Standalone#

The standalone mode is the most barebone way of deploying Flink. This page shows you how to set up Python environment and execute PyFlink jobs in a standalone Flink cluster.

Set up Python environment#

It requires Python 3.6 or above with PyFlink pre-installed to be available on the nodes of the standalone cluster. It’s suggested to use Python virtual environments to set up the Python environment. See Create a Python virtual environment for more details on how to prepare Python virtual environments with PyFlink installed.

Once the Python virtual environment is available, it needs to be deployed on the cluster. There are the following options to deploy it:

  • Install Python virtual environments on all the cluster nodes in advance

You could install Python virtual environments on all the cluster nodes with PyFlink pre-installed before submitting PyFlink jobs. Note that if you have a lot of jobs which use different Python versions and Flink versions, you could create multiple Python virtual environments to isolate them. For each PyFlink job, it could choose one of these Python virtual environments to use.

./bin/flink run \
      --jobmanager <jobmanagerHost>:8081 \
      -pyclientexec /path/to/venv/bin/python3 \
      -pyexec /path/to/venv/bin/python3 \
      -py word_count.py

In the above example, it assumes that there is already a Python virtual environment available at /path/to/venv on all the cluster nodes of the standaone cluster. It should be noted that options -pyclientexec and -pyexec are also required to specify to use the given Python virtual environment at client side (for job compiling) and server side (for Python UDF execution) separately.
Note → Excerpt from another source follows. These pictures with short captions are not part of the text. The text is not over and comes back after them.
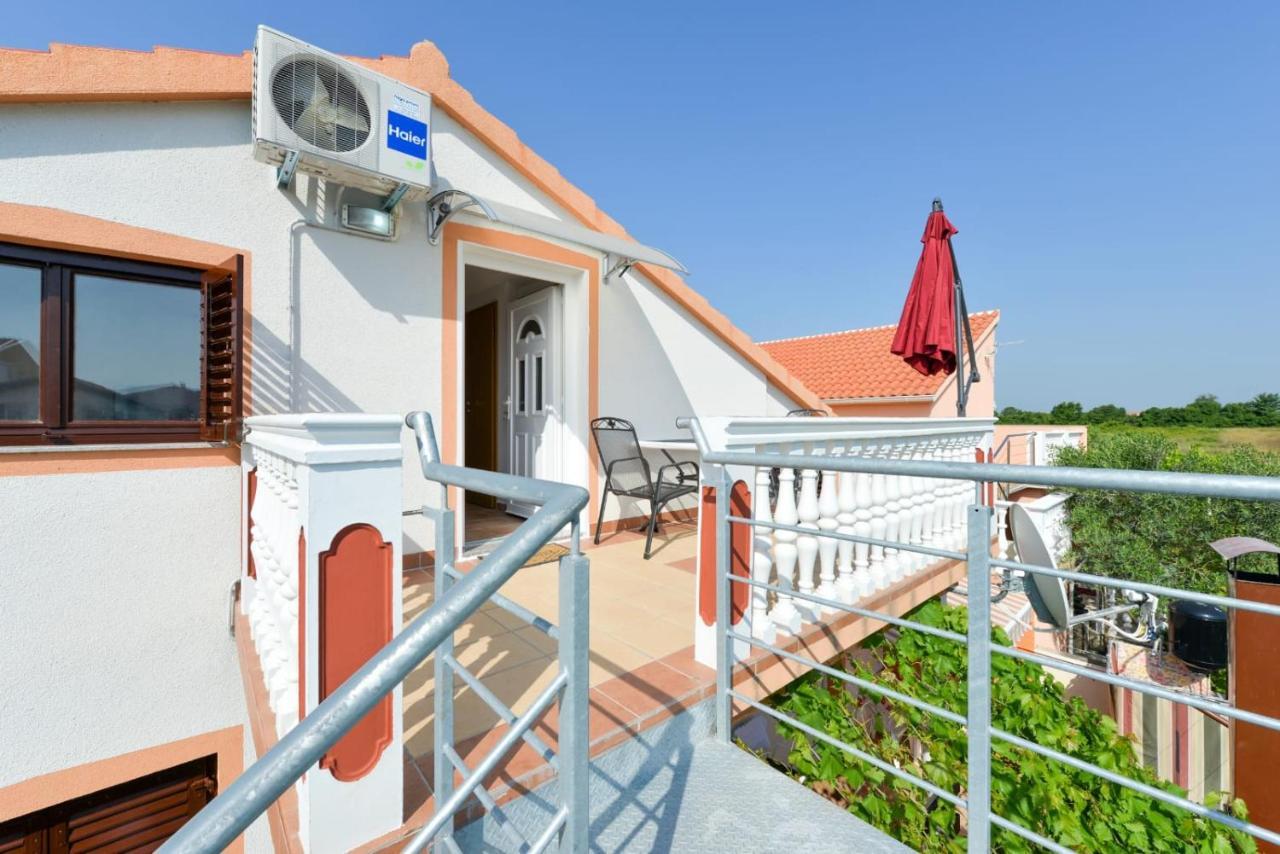 Apartmani Veronika Nin Εξωτερικό φωτογραφία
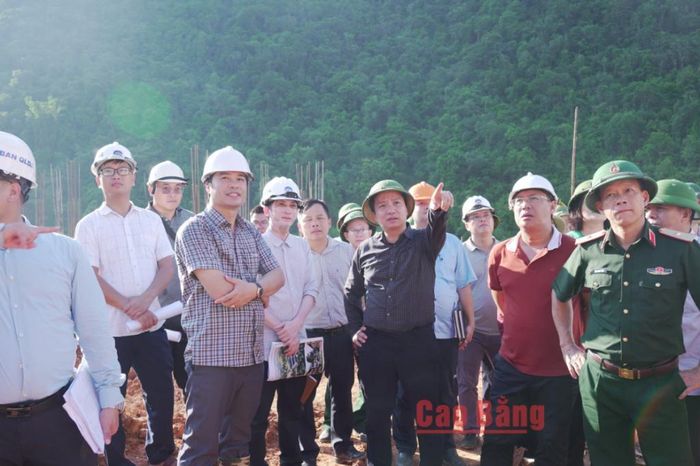 Chủ tịch UBND tỉnh Lê Hải Hòa kiểm tra tiến độ dự án Trường nội trú liên cấp tại xã Trường Hà.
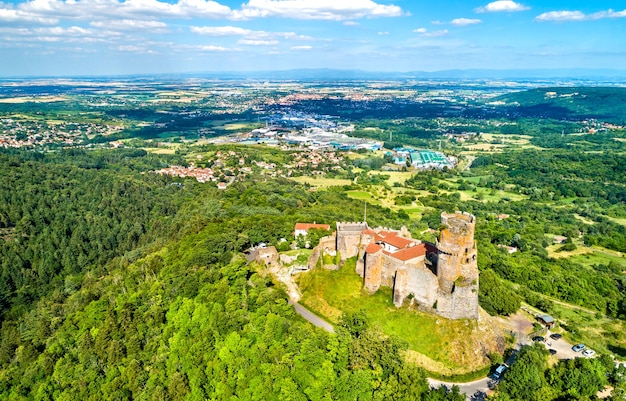 Vista del castello di Tournoel, un castello medievale nel dipartimento di Puy-de-Dome in Francia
  • Specify the Python virtual environments during submitting PyFlink jobs

It also supports to distribute the Python virtual environment during submitting PyFlink jobs. In this way, the Python virtual environment will be distributed to the cluster nodes where PyFlink jobs are running on during job starting up. This is more flexible and useful when it’s not possible to set up the Python environments in advance on the cluster nodes or when there are some special requirements where the pre-installed Python environments could not meet.

./bin/flink run \
      --jobmanager <jobmanagerHost>:8081 \
      -pyarch /path/to/venv.zip \
      -pyclientexec /path/to/venv/bin/python3 \
      -pyexec venv.zip/venv/bin/python3 \
      -py word_count.py

In the above example, the Python virtual environment is specified via option -pyarch. It will be distributed to the cluster nodes during job execution. It should be noted that option -pyexec is also required to specify the Python virtual environment to use at server side (for Python UDF execution).

For the Python virtual environment at client side (for job compiling), option -pyclientexec could be used. If it’s not specified, it will use the Python environment of the current shell.

  • Mix use of the above options

You could also mix use of the above options, that is, pre-install a few commonly used Python virtual environments on the cluster nodes of the standalone cluster and use custom Python virtual environment when there are some special requirements.